Brand. Your company’s brand can be thought of as its image in the collective mind of the marketplace – its personality, promise, and position as perceived by your customers and potential customers. Even if you haven’t done anything about your brand, you have one. It might be minimal, but it is there. Just as the productivity gurus tell us that not making a decision is a decision in itself, not purposely developing a brand still leaves you with a brand. Your existing brand is influenced by the sum of your public communications – sales calls, web content, emails – plus whatever other material is out there, including press coverage, customer reviews, and competitor propaganda. Obviously your customers won’t have read every scrap of information available to them about your company and your product, but what is out there is all they have to go on. They aren’t swayed by your good intentions or the content still sitting on your editorial calendar, waiting to be created and released.
Another way of looking at this is to say that your brand is rooted in the past. It is the sum total of all the impressions the public has formed of you up until this moment.

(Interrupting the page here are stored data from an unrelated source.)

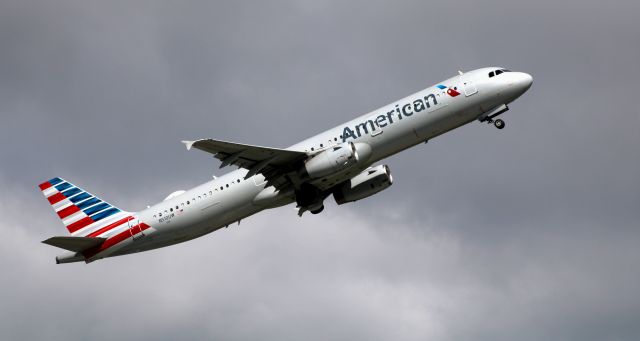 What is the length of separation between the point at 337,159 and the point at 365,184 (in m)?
8.48

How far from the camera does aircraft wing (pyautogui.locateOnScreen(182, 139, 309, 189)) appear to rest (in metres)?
54.9

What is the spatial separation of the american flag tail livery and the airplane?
0.23 feet

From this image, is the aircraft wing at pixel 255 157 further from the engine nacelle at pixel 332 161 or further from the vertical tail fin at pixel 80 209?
the vertical tail fin at pixel 80 209

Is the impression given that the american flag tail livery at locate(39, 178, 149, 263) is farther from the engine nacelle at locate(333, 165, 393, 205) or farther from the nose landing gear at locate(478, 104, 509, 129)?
the nose landing gear at locate(478, 104, 509, 129)

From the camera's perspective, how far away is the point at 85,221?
213 ft

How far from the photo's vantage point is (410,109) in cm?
5753

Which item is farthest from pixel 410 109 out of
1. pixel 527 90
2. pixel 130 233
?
pixel 130 233

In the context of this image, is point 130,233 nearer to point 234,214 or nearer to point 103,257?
point 103,257

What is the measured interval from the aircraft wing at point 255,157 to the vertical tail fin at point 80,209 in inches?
427

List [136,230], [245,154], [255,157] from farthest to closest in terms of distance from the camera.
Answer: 1. [136,230]
2. [255,157]
3. [245,154]

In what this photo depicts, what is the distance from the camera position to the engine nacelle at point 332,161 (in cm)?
5666

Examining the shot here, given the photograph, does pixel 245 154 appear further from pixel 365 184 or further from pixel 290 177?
pixel 365 184

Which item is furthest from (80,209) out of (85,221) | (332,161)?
(332,161)

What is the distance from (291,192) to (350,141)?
19.1 ft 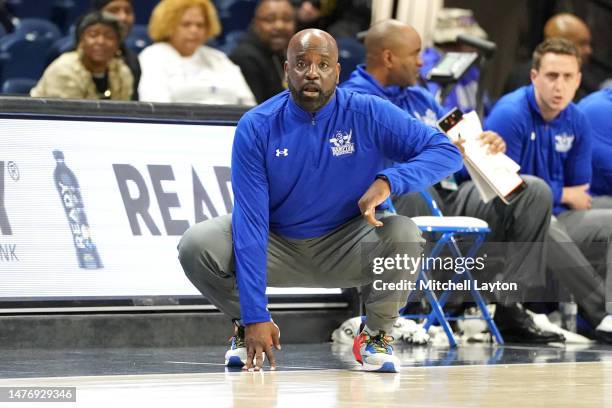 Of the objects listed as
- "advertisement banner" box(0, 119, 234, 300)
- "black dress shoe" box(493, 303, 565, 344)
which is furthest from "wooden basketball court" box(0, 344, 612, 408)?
"black dress shoe" box(493, 303, 565, 344)

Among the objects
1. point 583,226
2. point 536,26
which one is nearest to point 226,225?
point 583,226

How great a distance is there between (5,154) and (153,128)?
80 cm

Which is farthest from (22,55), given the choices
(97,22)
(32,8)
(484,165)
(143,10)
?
(484,165)

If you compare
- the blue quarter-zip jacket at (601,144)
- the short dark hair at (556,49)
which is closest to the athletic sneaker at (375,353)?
the short dark hair at (556,49)

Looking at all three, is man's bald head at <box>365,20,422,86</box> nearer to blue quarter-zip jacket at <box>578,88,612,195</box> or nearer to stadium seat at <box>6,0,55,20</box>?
blue quarter-zip jacket at <box>578,88,612,195</box>

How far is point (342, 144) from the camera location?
5309 mm

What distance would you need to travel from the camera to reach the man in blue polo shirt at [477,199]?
6.97m

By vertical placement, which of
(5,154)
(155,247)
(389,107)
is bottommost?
(155,247)

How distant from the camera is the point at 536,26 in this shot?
10992 millimetres

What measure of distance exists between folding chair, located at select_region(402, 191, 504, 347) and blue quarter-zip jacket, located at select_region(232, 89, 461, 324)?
3.67 ft

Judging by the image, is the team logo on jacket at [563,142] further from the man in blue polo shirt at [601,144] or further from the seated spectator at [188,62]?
the seated spectator at [188,62]

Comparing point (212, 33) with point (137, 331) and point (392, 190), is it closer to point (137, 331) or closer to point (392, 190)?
point (137, 331)

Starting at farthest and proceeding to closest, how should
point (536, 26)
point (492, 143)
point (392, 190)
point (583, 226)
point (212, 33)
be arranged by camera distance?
point (536, 26)
point (212, 33)
point (583, 226)
point (492, 143)
point (392, 190)

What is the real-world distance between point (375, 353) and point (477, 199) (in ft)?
7.26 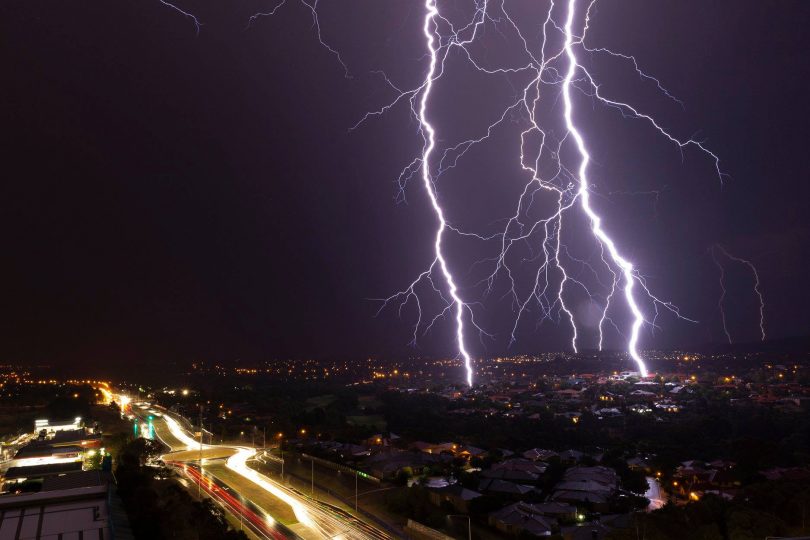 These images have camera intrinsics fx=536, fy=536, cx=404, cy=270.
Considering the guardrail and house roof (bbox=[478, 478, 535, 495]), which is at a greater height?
house roof (bbox=[478, 478, 535, 495])

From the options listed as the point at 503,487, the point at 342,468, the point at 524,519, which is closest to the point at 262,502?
the point at 342,468

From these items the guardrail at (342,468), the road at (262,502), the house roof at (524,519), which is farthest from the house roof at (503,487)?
the road at (262,502)

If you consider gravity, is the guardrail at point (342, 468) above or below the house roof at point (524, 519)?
below

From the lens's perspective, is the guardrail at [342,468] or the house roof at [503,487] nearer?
the house roof at [503,487]

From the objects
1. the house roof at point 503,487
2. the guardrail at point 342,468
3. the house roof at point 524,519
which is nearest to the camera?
the house roof at point 524,519

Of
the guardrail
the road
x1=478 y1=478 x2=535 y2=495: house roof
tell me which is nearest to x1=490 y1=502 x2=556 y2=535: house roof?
x1=478 y1=478 x2=535 y2=495: house roof

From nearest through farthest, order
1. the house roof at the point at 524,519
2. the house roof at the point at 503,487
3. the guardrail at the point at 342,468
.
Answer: the house roof at the point at 524,519 < the house roof at the point at 503,487 < the guardrail at the point at 342,468

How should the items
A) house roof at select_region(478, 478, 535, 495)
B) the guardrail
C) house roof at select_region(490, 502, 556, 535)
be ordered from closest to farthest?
1. house roof at select_region(490, 502, 556, 535)
2. house roof at select_region(478, 478, 535, 495)
3. the guardrail

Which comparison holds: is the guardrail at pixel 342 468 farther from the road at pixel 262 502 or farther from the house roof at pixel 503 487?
the house roof at pixel 503 487

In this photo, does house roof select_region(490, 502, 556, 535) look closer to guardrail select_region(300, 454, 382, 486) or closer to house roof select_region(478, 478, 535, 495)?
house roof select_region(478, 478, 535, 495) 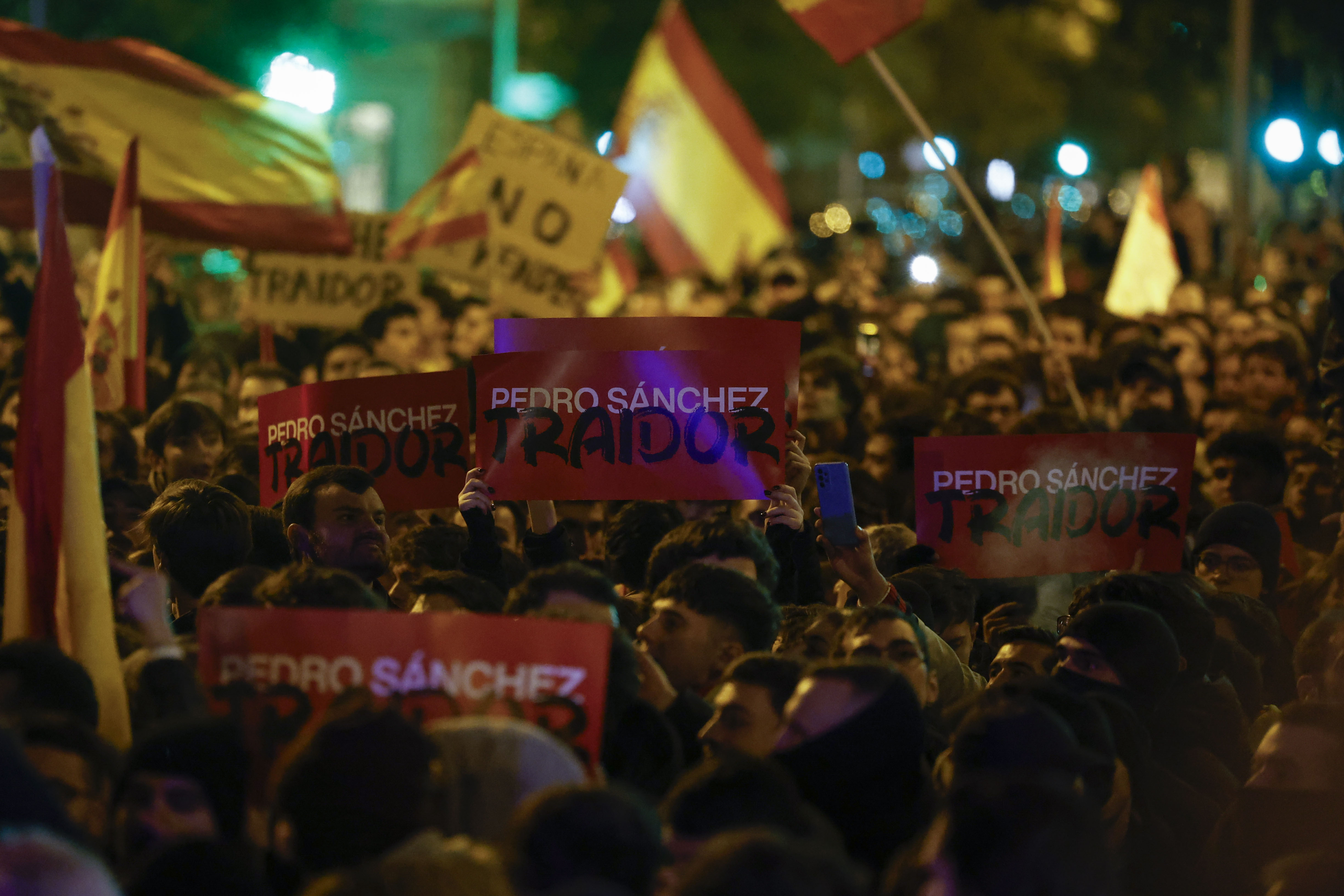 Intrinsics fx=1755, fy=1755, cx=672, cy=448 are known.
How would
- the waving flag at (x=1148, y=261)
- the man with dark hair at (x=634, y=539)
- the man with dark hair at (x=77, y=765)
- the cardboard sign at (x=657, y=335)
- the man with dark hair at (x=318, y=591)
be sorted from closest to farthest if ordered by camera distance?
the man with dark hair at (x=77, y=765) → the man with dark hair at (x=318, y=591) → the cardboard sign at (x=657, y=335) → the man with dark hair at (x=634, y=539) → the waving flag at (x=1148, y=261)

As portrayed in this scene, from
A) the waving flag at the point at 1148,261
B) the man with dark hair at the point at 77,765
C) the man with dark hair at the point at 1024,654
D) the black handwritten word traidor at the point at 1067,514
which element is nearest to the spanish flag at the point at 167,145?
the black handwritten word traidor at the point at 1067,514

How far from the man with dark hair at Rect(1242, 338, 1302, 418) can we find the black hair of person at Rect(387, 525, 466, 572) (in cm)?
582

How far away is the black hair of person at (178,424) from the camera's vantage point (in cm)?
787

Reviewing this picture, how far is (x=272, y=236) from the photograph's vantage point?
35.0 feet

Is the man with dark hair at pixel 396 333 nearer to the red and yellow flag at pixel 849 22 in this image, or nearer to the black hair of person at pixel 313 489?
the red and yellow flag at pixel 849 22

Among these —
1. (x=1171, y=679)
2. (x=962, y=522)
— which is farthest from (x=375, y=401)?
(x=1171, y=679)

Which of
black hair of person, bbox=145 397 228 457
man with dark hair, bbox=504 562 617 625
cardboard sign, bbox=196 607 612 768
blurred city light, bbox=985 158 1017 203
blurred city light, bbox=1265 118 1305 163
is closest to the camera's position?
cardboard sign, bbox=196 607 612 768

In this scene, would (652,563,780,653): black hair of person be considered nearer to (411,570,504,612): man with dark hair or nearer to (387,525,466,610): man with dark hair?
(411,570,504,612): man with dark hair

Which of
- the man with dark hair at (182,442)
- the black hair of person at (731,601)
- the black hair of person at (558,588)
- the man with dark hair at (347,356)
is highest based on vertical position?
the man with dark hair at (347,356)

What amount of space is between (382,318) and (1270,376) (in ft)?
18.2

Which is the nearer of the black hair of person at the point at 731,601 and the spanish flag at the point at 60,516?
the spanish flag at the point at 60,516

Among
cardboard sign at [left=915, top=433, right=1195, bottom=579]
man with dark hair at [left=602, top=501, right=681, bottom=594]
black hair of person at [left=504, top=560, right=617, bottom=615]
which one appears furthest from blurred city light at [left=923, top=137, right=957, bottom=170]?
black hair of person at [left=504, top=560, right=617, bottom=615]

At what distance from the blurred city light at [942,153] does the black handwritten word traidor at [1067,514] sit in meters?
2.77

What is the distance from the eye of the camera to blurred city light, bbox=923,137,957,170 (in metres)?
8.92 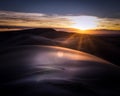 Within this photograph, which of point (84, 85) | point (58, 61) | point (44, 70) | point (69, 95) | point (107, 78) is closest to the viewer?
point (69, 95)

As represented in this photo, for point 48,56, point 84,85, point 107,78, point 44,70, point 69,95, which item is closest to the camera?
point 69,95

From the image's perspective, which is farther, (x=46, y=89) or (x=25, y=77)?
(x=25, y=77)

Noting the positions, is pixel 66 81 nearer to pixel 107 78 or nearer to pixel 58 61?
pixel 107 78

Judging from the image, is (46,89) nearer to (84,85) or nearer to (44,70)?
(84,85)

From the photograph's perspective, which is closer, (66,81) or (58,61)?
(66,81)

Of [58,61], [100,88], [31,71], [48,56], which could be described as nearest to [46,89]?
[100,88]

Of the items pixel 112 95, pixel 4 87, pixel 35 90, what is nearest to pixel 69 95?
pixel 35 90

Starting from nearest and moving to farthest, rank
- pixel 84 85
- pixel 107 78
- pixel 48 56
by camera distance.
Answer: pixel 84 85, pixel 107 78, pixel 48 56

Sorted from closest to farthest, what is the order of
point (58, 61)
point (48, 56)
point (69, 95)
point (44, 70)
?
point (69, 95), point (44, 70), point (58, 61), point (48, 56) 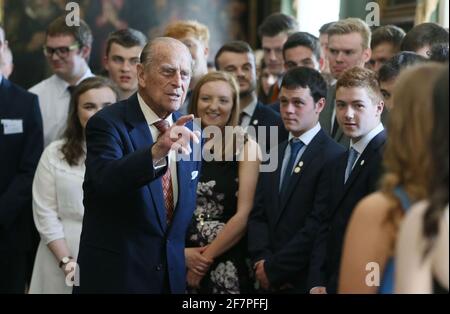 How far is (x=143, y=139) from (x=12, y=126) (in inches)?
84.2

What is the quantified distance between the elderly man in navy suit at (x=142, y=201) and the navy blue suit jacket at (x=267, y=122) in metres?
1.45

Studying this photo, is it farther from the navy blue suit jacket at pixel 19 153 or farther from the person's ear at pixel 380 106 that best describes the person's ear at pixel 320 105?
the navy blue suit jacket at pixel 19 153

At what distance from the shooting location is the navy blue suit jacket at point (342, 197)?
12.4 feet

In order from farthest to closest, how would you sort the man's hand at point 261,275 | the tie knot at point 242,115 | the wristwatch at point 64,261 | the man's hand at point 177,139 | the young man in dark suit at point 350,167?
1. the tie knot at point 242,115
2. the wristwatch at point 64,261
3. the man's hand at point 261,275
4. the young man in dark suit at point 350,167
5. the man's hand at point 177,139

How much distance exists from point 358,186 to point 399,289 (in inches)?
69.9

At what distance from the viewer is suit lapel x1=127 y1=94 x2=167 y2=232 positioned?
11.9ft

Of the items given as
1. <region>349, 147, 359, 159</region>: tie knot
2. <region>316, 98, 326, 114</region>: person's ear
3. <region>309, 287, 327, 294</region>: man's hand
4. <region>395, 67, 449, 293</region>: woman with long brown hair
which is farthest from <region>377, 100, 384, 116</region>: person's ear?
<region>395, 67, 449, 293</region>: woman with long brown hair

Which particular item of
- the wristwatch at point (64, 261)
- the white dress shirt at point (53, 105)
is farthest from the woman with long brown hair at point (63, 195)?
the white dress shirt at point (53, 105)

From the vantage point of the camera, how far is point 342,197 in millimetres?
3904

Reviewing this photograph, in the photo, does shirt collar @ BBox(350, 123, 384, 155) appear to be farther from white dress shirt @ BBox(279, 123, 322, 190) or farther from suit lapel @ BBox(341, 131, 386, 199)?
white dress shirt @ BBox(279, 123, 322, 190)

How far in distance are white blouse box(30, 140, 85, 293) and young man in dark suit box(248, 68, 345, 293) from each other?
3.60 feet

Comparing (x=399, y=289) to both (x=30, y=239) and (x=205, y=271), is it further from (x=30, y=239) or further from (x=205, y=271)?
(x=30, y=239)

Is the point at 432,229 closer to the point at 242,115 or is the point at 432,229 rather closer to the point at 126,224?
the point at 126,224

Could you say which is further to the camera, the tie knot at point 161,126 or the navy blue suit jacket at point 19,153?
the navy blue suit jacket at point 19,153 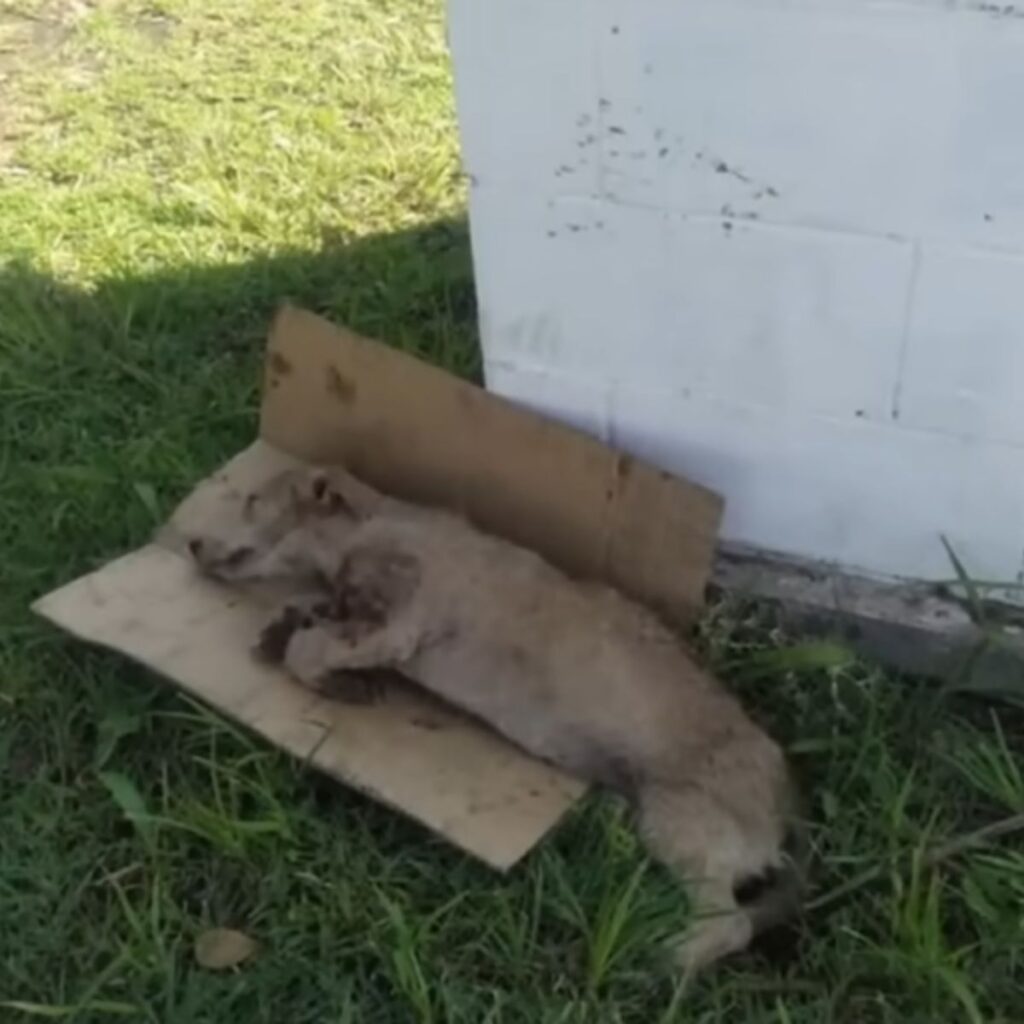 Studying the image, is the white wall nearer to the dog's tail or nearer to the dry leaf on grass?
the dog's tail

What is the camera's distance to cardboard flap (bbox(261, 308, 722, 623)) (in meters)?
3.04

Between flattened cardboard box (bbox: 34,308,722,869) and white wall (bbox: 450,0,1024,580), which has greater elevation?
white wall (bbox: 450,0,1024,580)

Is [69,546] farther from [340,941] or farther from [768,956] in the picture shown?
[768,956]

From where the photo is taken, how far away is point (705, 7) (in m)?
2.60

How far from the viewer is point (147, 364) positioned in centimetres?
390

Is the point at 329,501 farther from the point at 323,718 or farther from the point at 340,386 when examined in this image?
the point at 323,718

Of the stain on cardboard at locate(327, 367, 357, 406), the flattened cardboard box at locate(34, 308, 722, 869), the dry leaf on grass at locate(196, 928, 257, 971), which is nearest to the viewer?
the dry leaf on grass at locate(196, 928, 257, 971)

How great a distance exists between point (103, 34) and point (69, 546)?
7.18 feet

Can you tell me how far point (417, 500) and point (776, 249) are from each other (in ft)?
2.66

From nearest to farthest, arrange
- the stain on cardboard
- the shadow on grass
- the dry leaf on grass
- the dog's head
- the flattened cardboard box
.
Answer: the dry leaf on grass
the flattened cardboard box
the dog's head
the stain on cardboard
the shadow on grass

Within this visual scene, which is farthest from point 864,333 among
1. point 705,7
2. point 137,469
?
point 137,469

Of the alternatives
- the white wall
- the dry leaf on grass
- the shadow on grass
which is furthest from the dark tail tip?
the shadow on grass

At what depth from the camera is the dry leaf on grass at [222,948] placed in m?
2.70

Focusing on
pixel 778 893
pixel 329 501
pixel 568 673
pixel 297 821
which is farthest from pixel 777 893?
pixel 329 501
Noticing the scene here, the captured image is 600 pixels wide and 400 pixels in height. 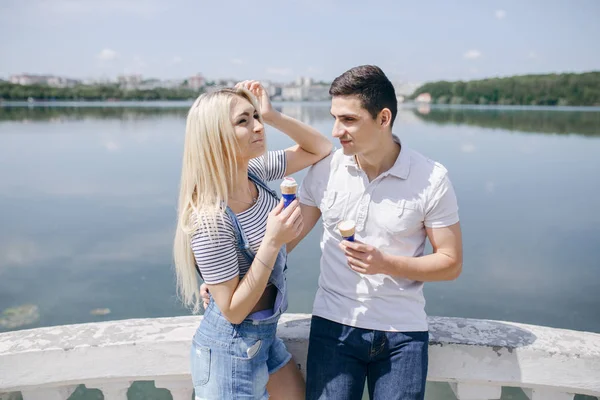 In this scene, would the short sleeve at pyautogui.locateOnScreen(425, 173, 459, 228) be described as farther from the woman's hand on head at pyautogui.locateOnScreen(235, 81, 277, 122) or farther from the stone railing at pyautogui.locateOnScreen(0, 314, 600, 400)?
the woman's hand on head at pyautogui.locateOnScreen(235, 81, 277, 122)

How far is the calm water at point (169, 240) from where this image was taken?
34.1 feet

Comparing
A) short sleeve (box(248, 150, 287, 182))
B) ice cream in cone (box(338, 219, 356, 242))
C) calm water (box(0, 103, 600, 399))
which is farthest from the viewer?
calm water (box(0, 103, 600, 399))

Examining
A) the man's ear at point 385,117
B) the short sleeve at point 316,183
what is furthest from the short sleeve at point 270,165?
the man's ear at point 385,117

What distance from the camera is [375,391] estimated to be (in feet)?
7.05

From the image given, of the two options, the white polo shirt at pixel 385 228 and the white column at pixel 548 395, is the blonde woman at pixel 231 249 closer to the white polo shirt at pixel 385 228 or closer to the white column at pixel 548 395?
the white polo shirt at pixel 385 228

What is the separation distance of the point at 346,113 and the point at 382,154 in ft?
0.85

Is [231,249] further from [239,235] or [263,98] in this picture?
[263,98]

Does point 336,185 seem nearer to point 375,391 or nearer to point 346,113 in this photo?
point 346,113

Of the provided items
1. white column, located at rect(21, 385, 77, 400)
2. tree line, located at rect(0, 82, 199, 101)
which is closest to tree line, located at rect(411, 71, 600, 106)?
tree line, located at rect(0, 82, 199, 101)

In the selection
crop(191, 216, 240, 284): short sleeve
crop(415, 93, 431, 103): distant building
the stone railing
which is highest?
crop(191, 216, 240, 284): short sleeve

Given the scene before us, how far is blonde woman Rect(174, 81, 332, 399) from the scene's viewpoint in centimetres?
185

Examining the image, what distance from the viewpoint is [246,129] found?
2.04m

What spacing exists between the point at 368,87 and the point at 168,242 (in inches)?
473

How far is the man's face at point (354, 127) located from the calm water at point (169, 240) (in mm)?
7206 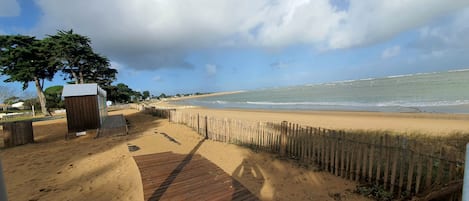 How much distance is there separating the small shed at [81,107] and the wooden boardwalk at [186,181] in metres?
7.24

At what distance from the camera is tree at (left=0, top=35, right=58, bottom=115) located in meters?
25.3

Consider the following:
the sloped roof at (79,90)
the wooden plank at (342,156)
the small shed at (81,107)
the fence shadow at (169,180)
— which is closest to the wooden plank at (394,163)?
the wooden plank at (342,156)

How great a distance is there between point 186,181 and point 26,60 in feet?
106

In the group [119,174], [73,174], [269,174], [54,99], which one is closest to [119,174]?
[119,174]

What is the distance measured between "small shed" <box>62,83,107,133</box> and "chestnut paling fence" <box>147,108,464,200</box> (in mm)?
8728

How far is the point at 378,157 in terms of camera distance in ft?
14.0

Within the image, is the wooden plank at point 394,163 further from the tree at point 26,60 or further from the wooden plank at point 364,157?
the tree at point 26,60

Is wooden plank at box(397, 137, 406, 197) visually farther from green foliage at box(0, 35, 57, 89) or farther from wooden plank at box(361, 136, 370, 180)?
green foliage at box(0, 35, 57, 89)

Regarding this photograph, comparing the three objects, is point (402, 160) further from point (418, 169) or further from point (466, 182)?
point (466, 182)

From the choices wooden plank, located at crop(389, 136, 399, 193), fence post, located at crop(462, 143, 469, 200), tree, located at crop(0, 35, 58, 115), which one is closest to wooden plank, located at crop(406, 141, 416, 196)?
wooden plank, located at crop(389, 136, 399, 193)

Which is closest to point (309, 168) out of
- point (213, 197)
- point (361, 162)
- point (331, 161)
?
point (331, 161)

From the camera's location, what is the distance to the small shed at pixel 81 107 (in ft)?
35.6

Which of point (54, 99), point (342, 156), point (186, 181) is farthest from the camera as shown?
point (54, 99)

Brand Strategy. Your brand strategy, on the other hand, is all about the future. A brand strategy encompasses aspirational notions of what you would like the marketplace to think of your company. So brand strategy leads, and if it’s effective, brand follows. Brand strategy is difficult to do because it must accomplish the trick of being authentic and enduring while at the same time serving your business strategy, which is likely way out in front of the market and will certainly change over time. As brand technologists, we love these sorts of problems, because they cut straight to the core of what a business is all about and solving them tends to require a lot of exciting new thinking. Also, solving these problems keeps us very busy, professionally speaking, which we like a lot.
This is why it’s important to know that the Distility 1day1brand Workshop won’t instantly change your public brand. What it will do is create an internal brand for your employees, and it will also create a brand strategy: a vision that is authentic and compelling and supports your business goals, something that can guide your communications going forward, including design, message, and customer interactions.